EXERCISE DATA:
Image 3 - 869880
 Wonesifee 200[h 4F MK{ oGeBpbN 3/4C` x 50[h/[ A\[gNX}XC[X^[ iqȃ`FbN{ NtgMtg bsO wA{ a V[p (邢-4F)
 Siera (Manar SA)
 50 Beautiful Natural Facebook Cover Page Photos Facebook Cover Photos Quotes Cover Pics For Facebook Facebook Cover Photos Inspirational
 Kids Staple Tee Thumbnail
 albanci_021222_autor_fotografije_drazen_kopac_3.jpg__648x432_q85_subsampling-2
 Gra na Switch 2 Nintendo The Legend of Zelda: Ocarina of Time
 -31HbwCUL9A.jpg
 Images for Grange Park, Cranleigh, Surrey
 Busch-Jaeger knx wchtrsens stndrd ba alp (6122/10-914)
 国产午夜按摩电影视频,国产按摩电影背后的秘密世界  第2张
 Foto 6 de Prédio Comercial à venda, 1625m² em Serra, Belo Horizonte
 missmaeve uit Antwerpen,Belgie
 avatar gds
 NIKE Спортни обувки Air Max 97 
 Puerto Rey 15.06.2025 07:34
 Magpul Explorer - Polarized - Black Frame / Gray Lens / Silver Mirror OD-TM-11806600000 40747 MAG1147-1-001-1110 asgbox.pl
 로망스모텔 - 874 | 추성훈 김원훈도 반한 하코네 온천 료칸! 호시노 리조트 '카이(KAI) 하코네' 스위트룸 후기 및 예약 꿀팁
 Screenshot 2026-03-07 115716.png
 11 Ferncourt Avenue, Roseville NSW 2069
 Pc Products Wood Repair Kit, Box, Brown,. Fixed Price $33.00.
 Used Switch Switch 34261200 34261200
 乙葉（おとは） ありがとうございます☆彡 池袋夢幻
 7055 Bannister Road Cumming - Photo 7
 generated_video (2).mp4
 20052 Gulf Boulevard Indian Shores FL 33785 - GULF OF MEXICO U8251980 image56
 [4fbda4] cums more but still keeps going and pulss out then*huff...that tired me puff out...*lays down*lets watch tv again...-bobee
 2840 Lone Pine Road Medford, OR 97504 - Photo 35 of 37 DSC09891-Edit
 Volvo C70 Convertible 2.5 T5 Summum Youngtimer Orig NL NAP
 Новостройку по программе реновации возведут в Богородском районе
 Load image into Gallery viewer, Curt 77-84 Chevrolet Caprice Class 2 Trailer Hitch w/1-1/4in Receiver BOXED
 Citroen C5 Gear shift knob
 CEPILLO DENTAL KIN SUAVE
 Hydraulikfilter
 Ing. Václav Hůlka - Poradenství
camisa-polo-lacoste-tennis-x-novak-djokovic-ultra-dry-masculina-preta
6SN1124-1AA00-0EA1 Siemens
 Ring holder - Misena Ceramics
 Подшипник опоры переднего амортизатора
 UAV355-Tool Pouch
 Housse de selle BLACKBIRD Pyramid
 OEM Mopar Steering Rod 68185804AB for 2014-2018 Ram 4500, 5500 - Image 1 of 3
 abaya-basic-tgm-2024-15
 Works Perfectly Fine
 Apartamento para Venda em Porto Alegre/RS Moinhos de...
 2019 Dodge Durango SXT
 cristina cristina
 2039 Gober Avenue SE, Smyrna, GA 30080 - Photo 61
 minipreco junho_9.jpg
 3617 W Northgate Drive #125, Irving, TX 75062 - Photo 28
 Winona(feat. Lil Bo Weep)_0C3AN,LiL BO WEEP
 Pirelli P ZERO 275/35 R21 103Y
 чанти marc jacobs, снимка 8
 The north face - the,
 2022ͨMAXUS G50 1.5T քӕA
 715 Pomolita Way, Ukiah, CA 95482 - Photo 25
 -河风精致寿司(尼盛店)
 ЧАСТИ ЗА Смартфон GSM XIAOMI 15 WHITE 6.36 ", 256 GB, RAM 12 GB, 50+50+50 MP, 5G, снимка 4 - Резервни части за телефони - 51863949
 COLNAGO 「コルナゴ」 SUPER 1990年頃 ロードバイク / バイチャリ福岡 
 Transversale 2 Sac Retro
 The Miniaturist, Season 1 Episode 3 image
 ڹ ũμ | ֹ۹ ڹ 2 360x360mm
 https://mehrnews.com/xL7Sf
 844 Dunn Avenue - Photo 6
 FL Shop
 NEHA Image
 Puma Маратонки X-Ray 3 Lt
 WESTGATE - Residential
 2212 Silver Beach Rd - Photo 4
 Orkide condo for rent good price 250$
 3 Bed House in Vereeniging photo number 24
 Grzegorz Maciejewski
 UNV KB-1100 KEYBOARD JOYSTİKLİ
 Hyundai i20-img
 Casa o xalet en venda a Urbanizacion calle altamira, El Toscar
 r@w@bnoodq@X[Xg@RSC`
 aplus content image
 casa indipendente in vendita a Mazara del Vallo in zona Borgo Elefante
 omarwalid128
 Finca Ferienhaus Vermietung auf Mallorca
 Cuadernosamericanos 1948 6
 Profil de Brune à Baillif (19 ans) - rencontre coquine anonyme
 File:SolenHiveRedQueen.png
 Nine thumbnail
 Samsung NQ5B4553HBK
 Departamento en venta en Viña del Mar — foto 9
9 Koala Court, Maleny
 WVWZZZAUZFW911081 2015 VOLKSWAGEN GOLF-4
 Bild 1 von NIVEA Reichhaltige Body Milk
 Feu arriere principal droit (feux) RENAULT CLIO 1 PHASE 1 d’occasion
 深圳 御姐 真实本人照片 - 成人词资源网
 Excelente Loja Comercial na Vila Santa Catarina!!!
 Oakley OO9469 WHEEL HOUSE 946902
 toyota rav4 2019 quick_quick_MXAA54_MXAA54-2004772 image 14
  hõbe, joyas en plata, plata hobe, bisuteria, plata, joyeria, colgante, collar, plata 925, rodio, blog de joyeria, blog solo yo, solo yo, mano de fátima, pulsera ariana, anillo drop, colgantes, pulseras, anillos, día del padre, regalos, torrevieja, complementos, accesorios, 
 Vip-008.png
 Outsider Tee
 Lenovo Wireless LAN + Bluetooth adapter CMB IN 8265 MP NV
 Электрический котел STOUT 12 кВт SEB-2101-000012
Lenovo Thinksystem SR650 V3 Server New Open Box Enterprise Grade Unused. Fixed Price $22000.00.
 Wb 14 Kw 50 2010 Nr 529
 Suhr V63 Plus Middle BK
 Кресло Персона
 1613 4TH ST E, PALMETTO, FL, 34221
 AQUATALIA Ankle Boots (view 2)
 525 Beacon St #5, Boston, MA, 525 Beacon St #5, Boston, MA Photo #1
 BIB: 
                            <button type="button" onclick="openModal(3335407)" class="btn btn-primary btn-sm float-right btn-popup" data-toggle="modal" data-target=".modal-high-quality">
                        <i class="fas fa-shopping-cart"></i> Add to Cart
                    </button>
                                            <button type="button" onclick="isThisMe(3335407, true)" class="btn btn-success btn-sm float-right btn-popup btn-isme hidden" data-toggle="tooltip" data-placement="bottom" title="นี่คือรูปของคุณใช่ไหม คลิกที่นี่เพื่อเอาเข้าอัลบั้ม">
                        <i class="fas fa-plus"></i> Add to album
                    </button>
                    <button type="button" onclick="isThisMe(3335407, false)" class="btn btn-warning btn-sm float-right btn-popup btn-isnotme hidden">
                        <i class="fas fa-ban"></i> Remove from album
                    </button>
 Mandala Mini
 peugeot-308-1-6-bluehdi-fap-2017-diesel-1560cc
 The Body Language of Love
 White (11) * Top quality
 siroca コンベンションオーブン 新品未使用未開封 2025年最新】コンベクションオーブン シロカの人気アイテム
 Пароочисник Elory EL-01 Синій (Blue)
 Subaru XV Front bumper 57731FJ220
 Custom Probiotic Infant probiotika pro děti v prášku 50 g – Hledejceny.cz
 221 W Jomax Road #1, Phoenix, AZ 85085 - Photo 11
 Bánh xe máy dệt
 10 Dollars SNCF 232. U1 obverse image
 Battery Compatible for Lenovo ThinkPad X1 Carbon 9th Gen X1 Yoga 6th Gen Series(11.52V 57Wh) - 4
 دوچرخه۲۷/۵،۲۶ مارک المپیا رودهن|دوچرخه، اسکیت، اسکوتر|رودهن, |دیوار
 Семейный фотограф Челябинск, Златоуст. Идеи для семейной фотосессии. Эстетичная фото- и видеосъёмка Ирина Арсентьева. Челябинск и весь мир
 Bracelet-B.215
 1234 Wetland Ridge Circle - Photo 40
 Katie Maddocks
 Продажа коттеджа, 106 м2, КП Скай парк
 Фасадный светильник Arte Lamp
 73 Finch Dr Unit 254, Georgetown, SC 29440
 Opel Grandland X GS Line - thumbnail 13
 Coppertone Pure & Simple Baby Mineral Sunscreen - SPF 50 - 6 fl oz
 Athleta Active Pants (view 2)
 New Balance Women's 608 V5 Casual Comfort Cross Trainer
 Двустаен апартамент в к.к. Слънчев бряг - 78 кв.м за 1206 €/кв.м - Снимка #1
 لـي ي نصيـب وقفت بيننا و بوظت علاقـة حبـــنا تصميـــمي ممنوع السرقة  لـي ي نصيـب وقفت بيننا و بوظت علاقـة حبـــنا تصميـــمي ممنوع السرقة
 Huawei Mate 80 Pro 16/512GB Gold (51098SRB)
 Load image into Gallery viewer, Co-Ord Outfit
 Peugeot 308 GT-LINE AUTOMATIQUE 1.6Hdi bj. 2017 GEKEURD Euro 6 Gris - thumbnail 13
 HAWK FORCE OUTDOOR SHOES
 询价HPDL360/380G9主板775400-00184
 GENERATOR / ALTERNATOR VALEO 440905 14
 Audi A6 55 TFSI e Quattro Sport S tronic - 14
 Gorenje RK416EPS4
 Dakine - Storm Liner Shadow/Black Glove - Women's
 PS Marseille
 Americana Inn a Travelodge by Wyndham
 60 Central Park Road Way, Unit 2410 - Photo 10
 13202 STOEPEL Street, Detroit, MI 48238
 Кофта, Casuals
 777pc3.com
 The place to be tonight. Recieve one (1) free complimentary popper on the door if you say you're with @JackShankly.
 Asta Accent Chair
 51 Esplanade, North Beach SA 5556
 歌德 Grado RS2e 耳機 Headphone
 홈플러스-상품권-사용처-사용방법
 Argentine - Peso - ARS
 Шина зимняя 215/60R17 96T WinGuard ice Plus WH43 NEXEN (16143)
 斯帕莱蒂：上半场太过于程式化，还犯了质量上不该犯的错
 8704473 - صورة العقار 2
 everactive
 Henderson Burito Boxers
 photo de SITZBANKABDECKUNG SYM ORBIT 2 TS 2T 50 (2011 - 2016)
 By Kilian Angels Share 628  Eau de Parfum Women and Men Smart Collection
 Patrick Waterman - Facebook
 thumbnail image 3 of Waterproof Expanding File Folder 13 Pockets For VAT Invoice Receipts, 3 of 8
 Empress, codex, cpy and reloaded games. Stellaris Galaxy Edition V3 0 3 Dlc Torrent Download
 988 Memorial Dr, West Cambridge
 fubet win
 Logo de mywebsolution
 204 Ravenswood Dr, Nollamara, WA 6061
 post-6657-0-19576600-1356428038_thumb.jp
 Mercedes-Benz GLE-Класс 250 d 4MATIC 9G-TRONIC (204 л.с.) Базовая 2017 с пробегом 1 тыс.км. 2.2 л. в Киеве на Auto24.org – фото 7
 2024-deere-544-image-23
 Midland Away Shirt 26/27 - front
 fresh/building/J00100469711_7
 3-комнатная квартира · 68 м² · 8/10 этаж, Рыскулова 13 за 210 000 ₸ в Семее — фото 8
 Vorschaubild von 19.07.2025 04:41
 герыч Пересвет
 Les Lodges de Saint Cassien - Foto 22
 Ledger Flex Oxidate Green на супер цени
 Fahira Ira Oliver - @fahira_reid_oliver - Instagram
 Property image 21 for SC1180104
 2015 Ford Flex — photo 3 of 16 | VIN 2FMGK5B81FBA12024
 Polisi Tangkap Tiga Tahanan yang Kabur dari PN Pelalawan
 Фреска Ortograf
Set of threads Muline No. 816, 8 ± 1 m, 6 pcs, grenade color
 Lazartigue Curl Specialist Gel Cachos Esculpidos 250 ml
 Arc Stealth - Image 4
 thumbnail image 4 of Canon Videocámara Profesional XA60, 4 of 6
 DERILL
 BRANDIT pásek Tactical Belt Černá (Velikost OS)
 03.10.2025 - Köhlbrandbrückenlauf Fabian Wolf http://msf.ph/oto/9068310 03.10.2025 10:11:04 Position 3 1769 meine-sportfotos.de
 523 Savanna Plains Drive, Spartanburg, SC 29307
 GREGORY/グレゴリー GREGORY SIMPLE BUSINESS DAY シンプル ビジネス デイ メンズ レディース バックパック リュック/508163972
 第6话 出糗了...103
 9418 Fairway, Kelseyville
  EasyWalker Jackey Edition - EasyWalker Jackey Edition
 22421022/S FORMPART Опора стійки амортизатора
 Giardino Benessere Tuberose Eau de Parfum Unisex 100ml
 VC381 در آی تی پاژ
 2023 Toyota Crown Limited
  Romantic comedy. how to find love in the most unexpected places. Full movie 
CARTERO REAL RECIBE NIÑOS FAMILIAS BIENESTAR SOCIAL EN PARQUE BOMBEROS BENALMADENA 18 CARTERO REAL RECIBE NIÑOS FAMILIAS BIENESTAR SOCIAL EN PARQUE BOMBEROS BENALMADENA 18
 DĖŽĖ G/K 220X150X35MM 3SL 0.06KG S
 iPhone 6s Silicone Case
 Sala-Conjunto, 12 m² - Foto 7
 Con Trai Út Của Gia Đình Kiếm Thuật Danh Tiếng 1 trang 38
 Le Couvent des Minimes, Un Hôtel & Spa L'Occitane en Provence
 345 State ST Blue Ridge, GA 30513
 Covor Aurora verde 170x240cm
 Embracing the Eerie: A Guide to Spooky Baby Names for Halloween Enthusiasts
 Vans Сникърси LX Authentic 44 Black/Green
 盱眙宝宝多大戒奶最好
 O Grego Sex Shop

ABOUT THIS EXERCISE:
Among the entries above, how many lines include the word "Silver"? Reply with the number only.

SOLUTION TO THE PROBLEM:
2